Birding. Noun (neologism). Dynamic, addictive and highly contagious behavior combining hunting skills, aesthetic delight, intellectual analysis and the dreamy withdrawal from normal life, especially during spring migration.

Every spring, billions of birds, increasingly restless from the secretion of seasonal hormones, mass into flocks, burst into the sky and pour up the great flyways across the U.S. and Canada. Millions of birders, just as restless but without hormonal justification, compulsively pour outdoors in search of vireos, tanagers, flycatchers, hawks and the stars of the season, brilliantly colored warblers.

In these fleeting weeks, birders head for one or more of the nation's famous migrant hot spots such as High Island, Texas, Big Morongo Wildlife Reserve in California, Point Pelee in Ontario and the Ramble in Manhattan's Central Park. Some will bird in a local park or simply settle into a backyard chair. Says Jerry Sullivan, a Chicago nature writer: "The nice thing is that you don't have to go some special place. You can do it just about anywhere."
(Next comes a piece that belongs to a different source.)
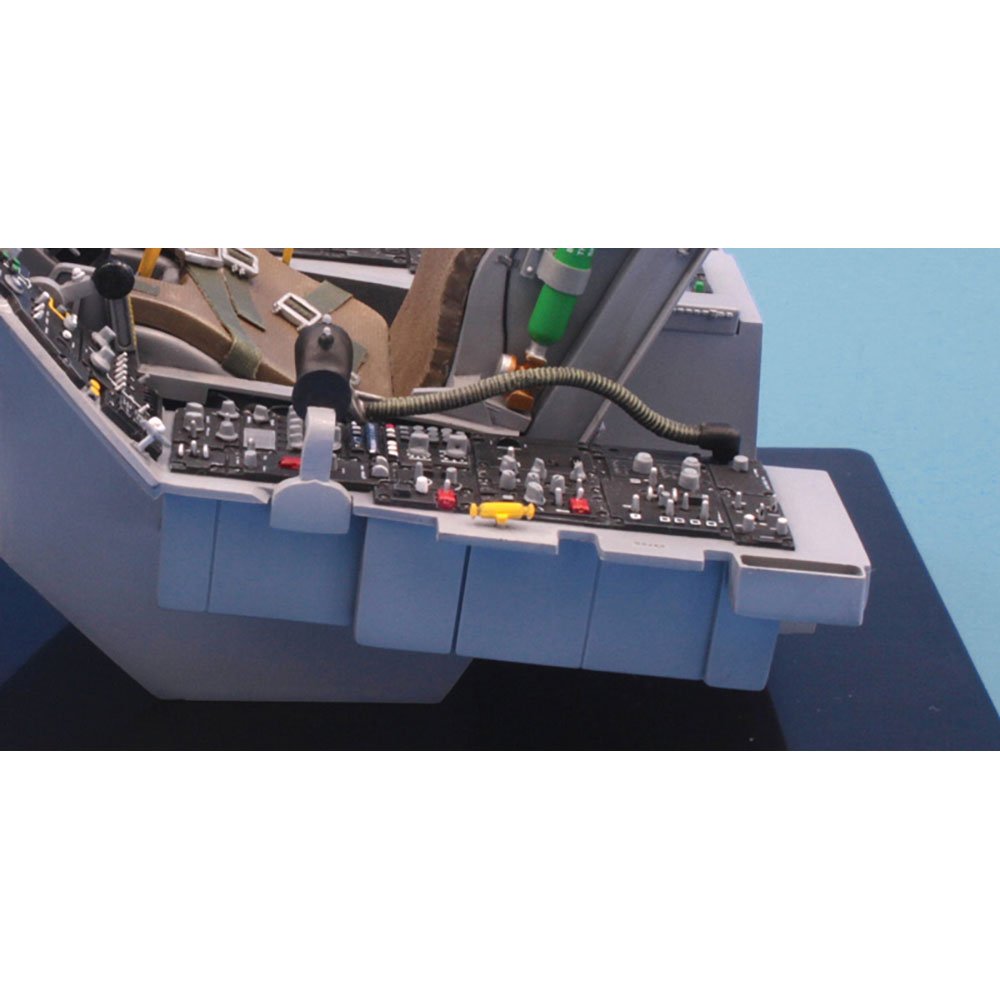 ITALERI 1/12 F-16 COCKPIT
During migration, birders tend to show up late at the office, or seem to need a day or two extra to complete out-of-town business. Even a Saturday trip to the dry cleaner's has been known to take two hours or more. In spring, Nature Writer Lola Oberman carries binoculars around her Maryland house all day, just in case a good bird appears at a window. And bumper stickers saying I BRAKE FOR BIRDS had better be taken seriously: on the highway, birders have been known to lose control when a good bird flies over. Pete Bacinski, one of New Jersey's best-known birders, totaled his Chevy Nova when he took his eyes off the road to look for his bird guide.
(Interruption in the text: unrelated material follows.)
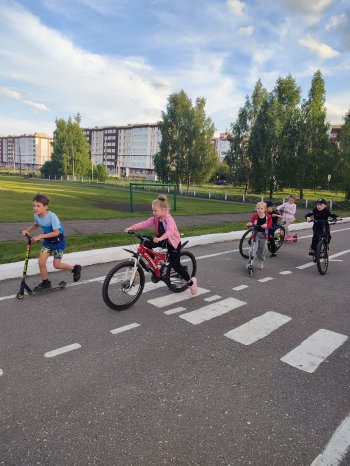 Повторяем правила дорожного движения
Once the genteel pursuit of an esoteric minority, birding is evolving into a mass sport. A 1980 study for the U.S. Fish and Wildlife Service found that some 2 million Americans were highly committed birders, meaning that they watch regularly, use a field guide, keep a life list and are able to identify a hundred or more species of birds. About 7 million Americans are fairly interested birders (able to identify at least 40 species), and 60 million, or one American in four, are at least casual watchers. Veteran birders, such as L. Hartsell Cash, a retiree in Winston-Salem, N.C., are pleasantly surprised by the sport's new respectability. "In the '40s and '50s it was still a little embarrassing to be a bird watcher," he says. "Now there's no doubt about it -- birding is In."